Open Minxiangliu opened 2 days ago

Minxiangliu commented 2 days ago

Hi here, Thank you for the tool, I'm currently trying to train 3D brain medical images, and I am using the DenseNet121 model and the neg_partial_log_likelihood loss function, and everything is normal, but when I observe the training and validation loss values, I find that the validation loss value cannot effectively converge, and there is even a trend of rising, and I have tried many different ways to reduce overfitting, including: data augmentation, dropout, over sampling, etc., the validation loss value is still not easy to converge, please ask this is a problem with the data itself, or have I overlooked some details?

A total of 189 3D images

image image

tcoroller commented 2 days ago

Dear @Minxiangliu , thank you for you question. At first glance, it may be an experimental issue (overfitting) rather than a TorchSurv loss function issue.

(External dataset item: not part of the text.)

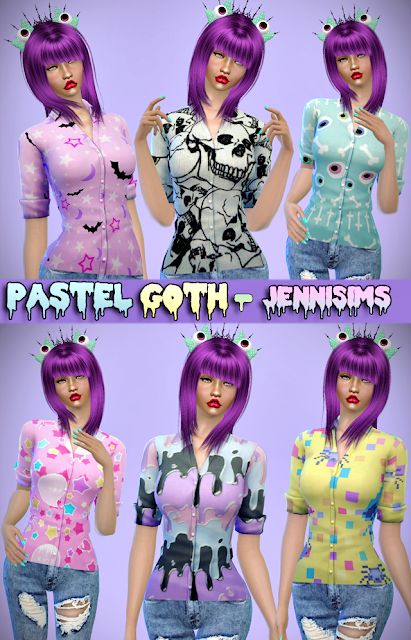 Pastel Goth Dress, Goth Shirt, Pastel Goth Fashion, Clothing Female, Sims4 Clothes, Sims 4 Update, Goth Dress, Sims 4 Clothing, Cc Finds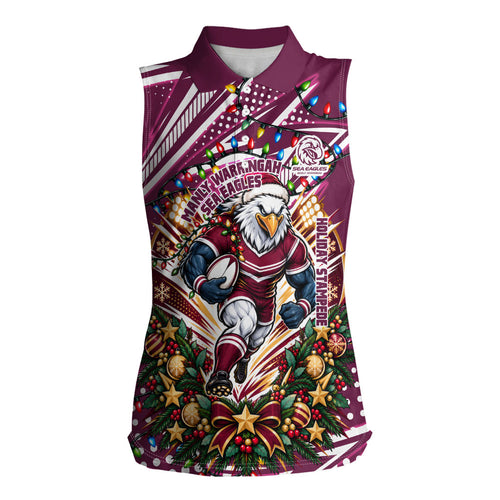 Personalized Manly Warringah Sea Eagles Rugby Christmas Women Sleeveless Polo Shirt Holiday Mascot Graphic Art Festive Lights Bow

Couple comments that may help you

  1. Pick the right loss: when using cox model, the model optimize by ranking samples within a batch. The larger the batch, the more reliable the loss estimation will be. When using medical image however, it may be hard to have a batch size greater than 8 samples due to GPU memory limits. Two suggestions for you: You can instead try the Weibull model, which does not rank but fit a distribution for each sample. It removes batch size dependancies, which is good for you. If you want to keep cox model, then you should try our Momentum loss, which uses two networks (online and target) alongside a dynamic memory bank (like MoCo for contrastive learning). We have a tutorial notebook here.
  2. Data / Inputs: You are using 189 3D images to predict a time to event target. This may be under sampled for the task. Try to reduce the covariates size (e.g., reduce image dimension, use embeddings, ..). What is your target? How many censored/non-censored patients do you have? Is there any other covariates (e.g., clinical) you can use to help the model? Is there literature on the topic that shown signal?
  3. Modeling parameters: What is your training/validation split? What is your batch size? And your learning rate (the loss profile looks "jumpy)? Your training loss is decreasing close to 0, so its learning something but it is indeed very much overfitting. There are plenty of external ressources on overfitting that you can read and learn from.

Good luck for your project and thank you for using TorchSurv!